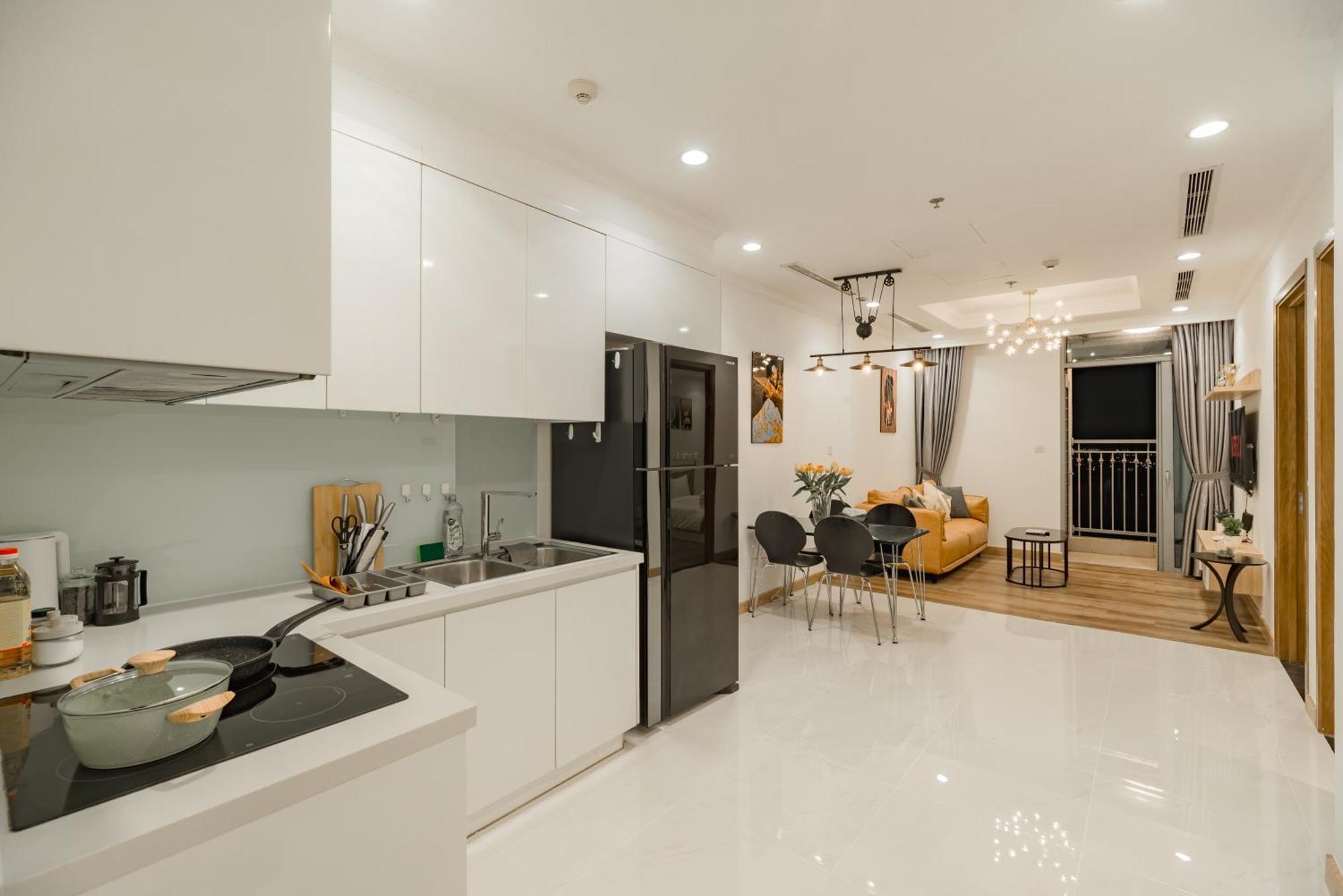 Apartment Vinhomes Park Collection V By Elevate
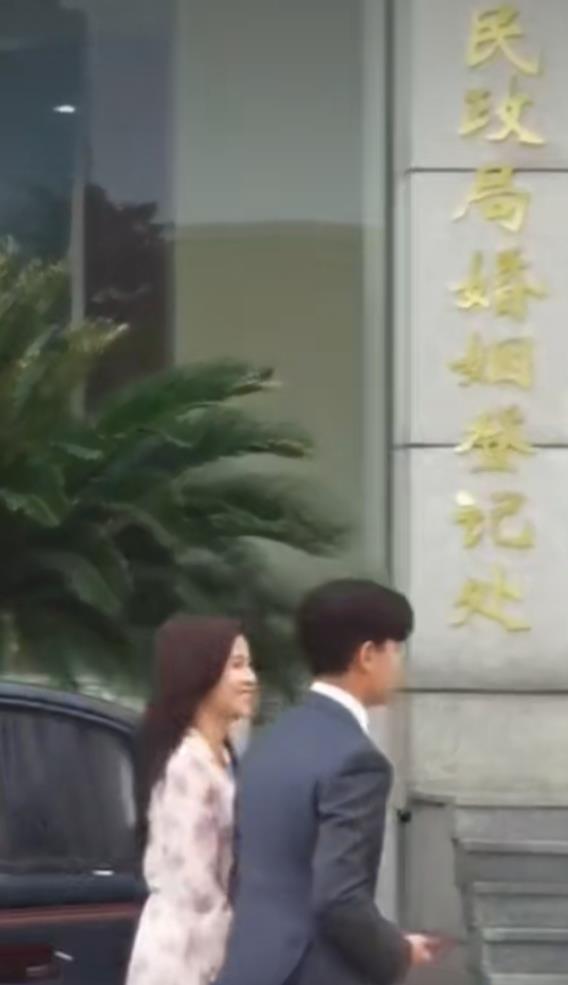 娱乐吃瓜酱民政局,民政局背后的那些事儿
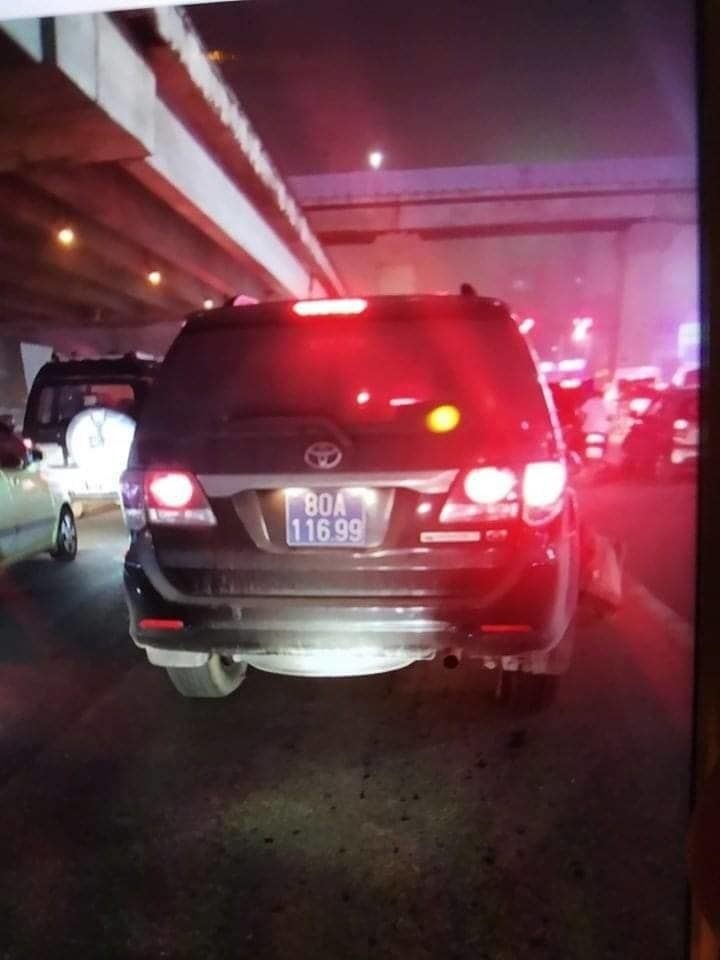 Hình ảnh chiếc xe gây tai nạn.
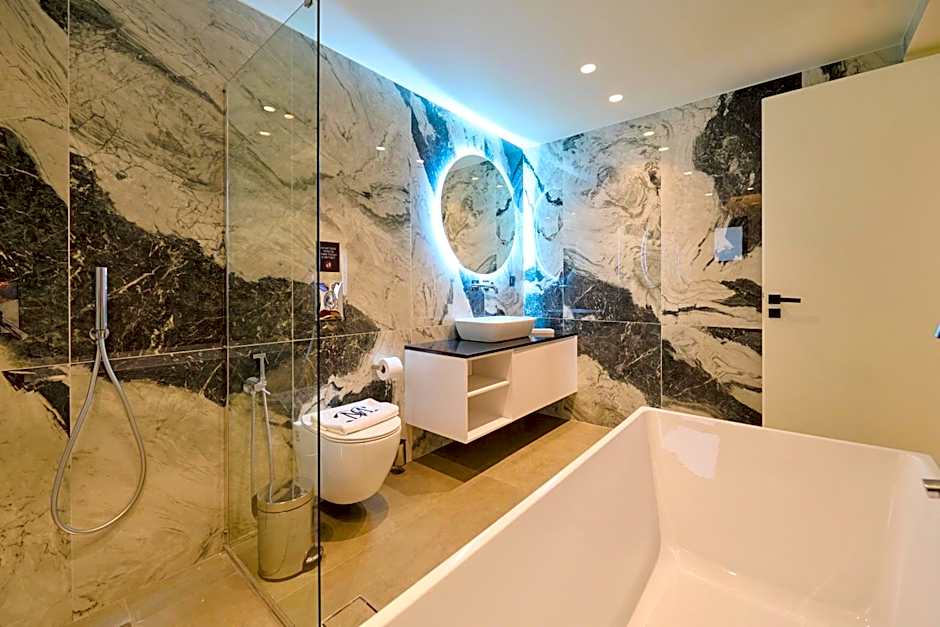 Monarco Executive Rooms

--------------------------------

> [Work to be completed]
Would you repeat each line of the listing exactly, skipping any picture?

> [Answer to this problem]
 Apartment Vinhomes Park Collection V By Elevate
 娱乐吃瓜酱民政局,民政局背后的那些事儿
 Hình ảnh chiếc xe gây tai nạn.
 Monarco Executive Rooms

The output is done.